The 39 Steps-1935
Starring-Robert Donat, Madeleine Carroll
Scott’s Review #1,212
Reviewed December 26, 2021
Before Alfred Hitchcock conquered American audiences in the 1950s and 1960s he made a slew of British films many of which are overlooked gems. The 39 Steps (1935) is a film nestled among that category, providing thrilling escapism and a spy-tinged subject matter that has an everyman on the run.
The plot pattern is very familiar because Hitchcock would use it later in his American films like The Man Who Knew Too Much (1956) and The Wrong Man (1956) to name only two.
Rather than any sort of carbon copy The 39 Steps instead is a pure delight for any fan of Hitchcock because the viewer can see facets and ideas the director would later bestow on his other films. There is enough originality though to please anyone looking for a good thrill.
It is very loosely based on the 1915 adventure novel The Thirty-Nine Steps by John Buchan.
The story centers on Richard Hannay (Robert Donat), a Canadian civilian on holiday in London. He unintentionally becomes involved in preventing an organization of spies nicknamed “The 39 Steps” from stealing British military secrets.
After being mistakenly accused of the murder of a counter-espionage agent, Richard flees to Scotland and becomes tangled up with an attractive woman named Pamela (Madeleine Carroll) while hoping to stop the spy ring and clear his name.
It’s a simple story but one that immediately compels the viewer to root for Richard since we know he is innocent. Perhaps he can find a bit of romance along the way with Pamela and stop the bad guys in the process. So there is little ambiguity with how the story is supposed to wind up.
The fun is getting there.
Assuming this isn’t one’s first time watching a Hitchcock film and nearing a hundred years since The 39 Steps was made I sincerely doubt it, there are oodles of sequences to enjoy. If one asks “does this scene seem familiar?” it is because many of them are.
The London music hall theatre and the London Palladium brim with recognition especially after a catchy tune that Richard cannot forget come into play. It’s too easy not to think of Doris Day’s hit “Que Sera, Sera (Whatever Will Be, Will Be)”, featured as a key element of The Man Who Knew Too Much, or even the London setting itself.
To switch for a moment to another Hitchcock masterpiece, North by Northwest (1959), the frequent dashing across the lands by foot or by locomotion comes into play in a big way in The 39 Steps.
I loathe spending too much time with comparisons because The 39 Steps delivers some goods on its own merits. The action that takes place in the Scottish Highlands is fantastic and a treat for anyone who has been to the lovely and picturesque area. And the daring trip that Richard takes aboard the Flying Scotsman expresses train to Scotland is compelling adventure personified.
The chemistry between Richard and Pamela is decent but not great. It’s not the focal point of the film so I didn’t necessarily mind that. The clear intent was for her to first fear him but then have the characters fall in love. We never really get there but it seems the intent.

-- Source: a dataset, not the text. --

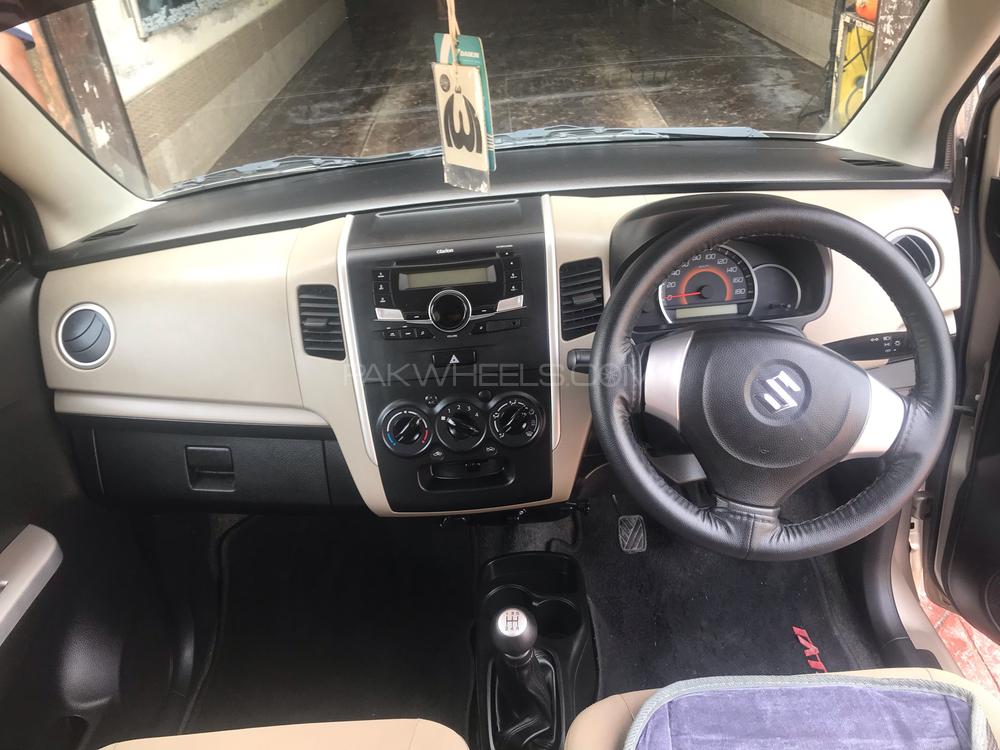 سوزوکی ویگن آر 2018 for Sale in سیالکوٹ سوزوکی ویگن آر 2018 for Sale in سیالکوٹ Image-7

The main villain is Professor Jordan (Godfrey Tearle) who Richard tries to prevent from sending secrets out of the country.
Sure, there are better quality Alfred Hitchcock films to bask in once he got his groove decades later and one can assuredly boast that Vertigo (1958) and Psycho (1960) are superior films. But The 39 Steps (1935) is a blueprint of what brilliance the director had in his head at this time and it’s a pure treat to witness.